Police arrested more than 117 journalists in the US in 2020

By Alex Findijs
16 December 2020

At least 117 journalists were arrested in the United States in 2020, setting a new record for arrests of journalists by a significant margin, according to a report released this week by the Freedom of the Press Foundation based on data compiled by the US Press Freedom Tracker. The number is expected to rise as more than a dozen cases are still under investigation.

From 2017 to 2019, 68 journalists were arrested: nine in 2019, 11 in 2018 and 48 in 2017. This year, in the week from May 29 to June 4 alone, more arrests of journalists were carried out than in these three years combined.

The timing of this police rampage against the press is significant.

CNN reporter Omar Jimenez being arrested during a live broadcast. (Image credit: CNN)

Prior to May 29, only two journalists had been arrested. However, following the police murder of George Floyd in Minneapolis on May 25, mass multiracial protests against police violence and racism spread rapidly across the country.
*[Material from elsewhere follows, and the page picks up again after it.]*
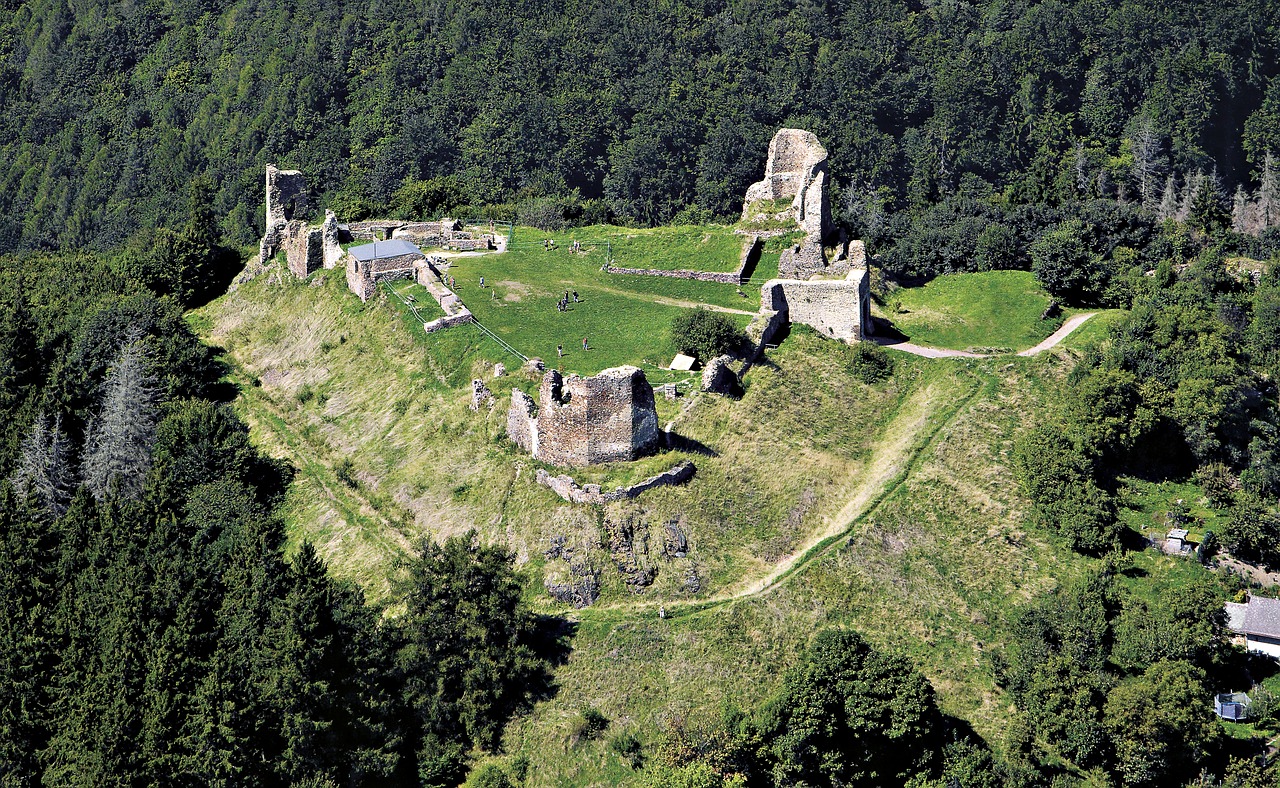 castle lichnice aerial view free photo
These protests are believed to be the largest in American history, with an estimated 15–26 million people participating in demonstrations that occurred in 40 percent of American counties.

Immense social anger erupted, with millions of people taking to the streets to protest not just against Floyd’s murder, but against the whole police apparatus, which has been built up with hundreds of millions of dollars in funding and free military equipment, while the budgets of social programs and public education have been gutted year after year.

Working class people of all races and ethnicities joined together to voice their anger at the epidemic of police murders and violence that has ravaged communities across the country—with approximately 1,000 killed every year—culminating in calls for the defunding and even abolition of police departments across the country.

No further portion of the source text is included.